Virginia is one of several states where Democrats have gone to court to challenge redistricting plans drawn by Republicans seeking to keep control of the U.S. House of Representatives. Marc Elias, an attorney for the National Democratic Redistricting Trust, represents two Virginia voters in a lawsuit that accuses the General Assembly of “racial gerrymandering” by improperly packing African-Americans into the state’s only black-majority congressional district to make adjacent districts safer for GOP incumbents. A trial is set for this month. “We’re trying to remedy what we believe is an unconstitutional map drawn by the legislature,” Elias said. Democrats have also challenged GOP-drawn redistricting plans in other states — including Texas, Florida, Nevada and Missouri — but they are not alone in employing the tactic. Republicans also have asked courts to invalidate Democrat-produced remapping in a few states.

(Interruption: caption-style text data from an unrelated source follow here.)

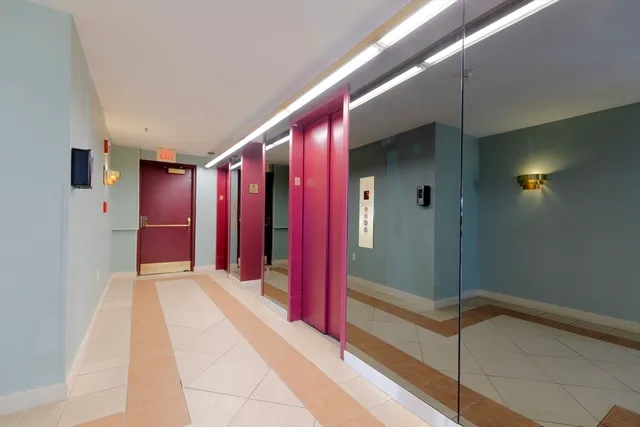 a view of a hallway with painted walls
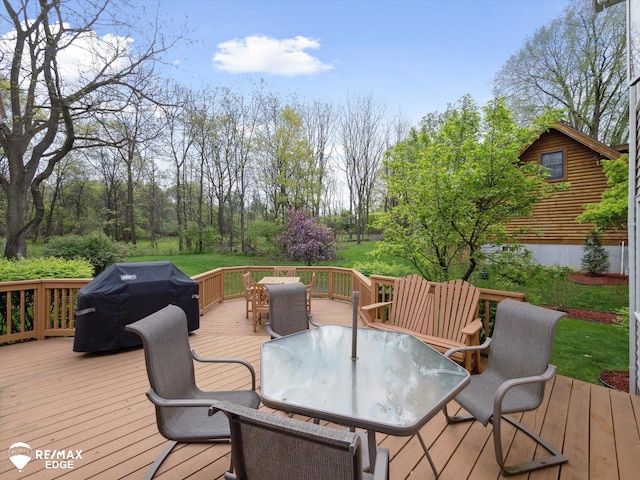 9705 Burning Tree Dr, Grand Blanc, MI 48439 - deck with outdoor dining space and a grill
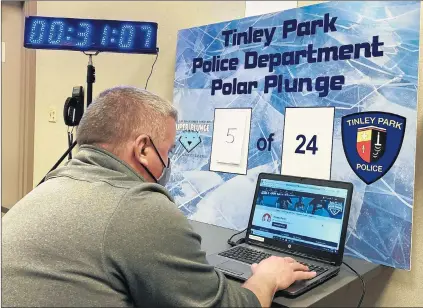  ?? MIKE NOLAN/DAILY SOUTHTOWN PHOTOS ?? Tinley Park police Sgt. Darren Persha checks on donations raised during the department’s Polar Plunge to benefit Special Olympics Illinois.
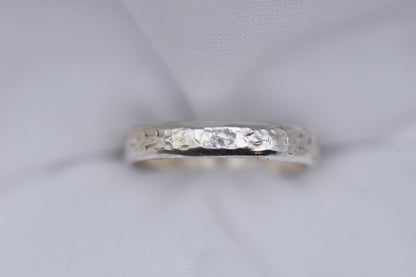Silver ring with texture light gray background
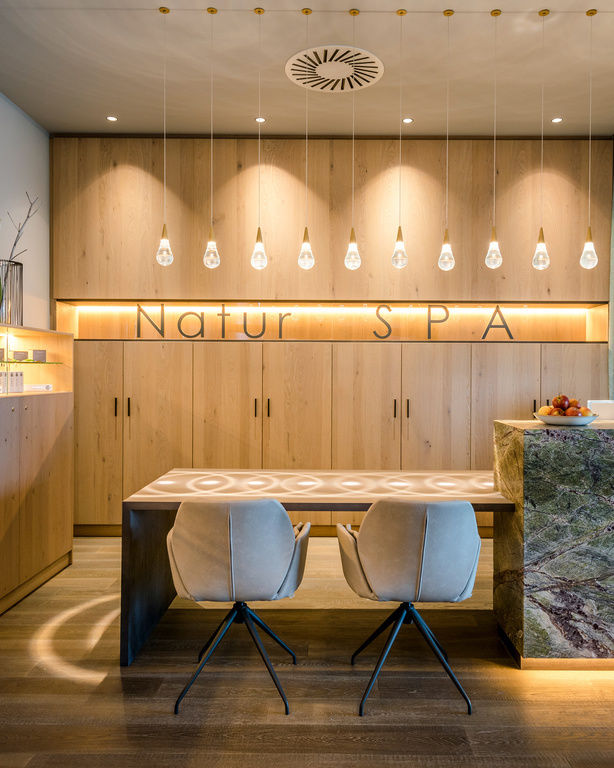 Moderner Beratungsraum mit Schriftzug 'Natur-SPA', Beleuchtung und Holzregal mit Pflege-Produkten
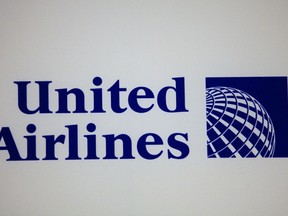 FILE - The logo for United Airlines is shown during a news conference in New York, Monday, May 3, 2010. United Airlines sees a market in whisking travelers to the airport in small, electric-powered air taxis. United said Thursday, Sept. 8, 2022, that it has invested $15 million in a startup manufacturer.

“It’s not unusual at all to see whichever party feels aggrieved to try to correct what they think is unfair damage through the courts,” said Justin Levitt, a law professor and redistricting expert at Loyola Law School in Los Angeles. “It’s just that you’re seeing more lawsuits by Democrats because Republicans were in control of more redistricting.”
This isn’t the first lawsuit challenging Virginia’s reapportionment plan. State and federal courts previously dismissed lawsuits claiming the General Assembly violated a state constitutional provision by failing to complete redistricting until 2012, a year late.
Ethnic groups and others have also brought redistricting lawsuits in some states, Levitt said. So far in this redistricting cycle, he said, 208 lawsuits have been filed dealing with state legislative or congressional redistricting, or both. The National Conference of State Legislatures says 28 lawsuits remain active in nine states.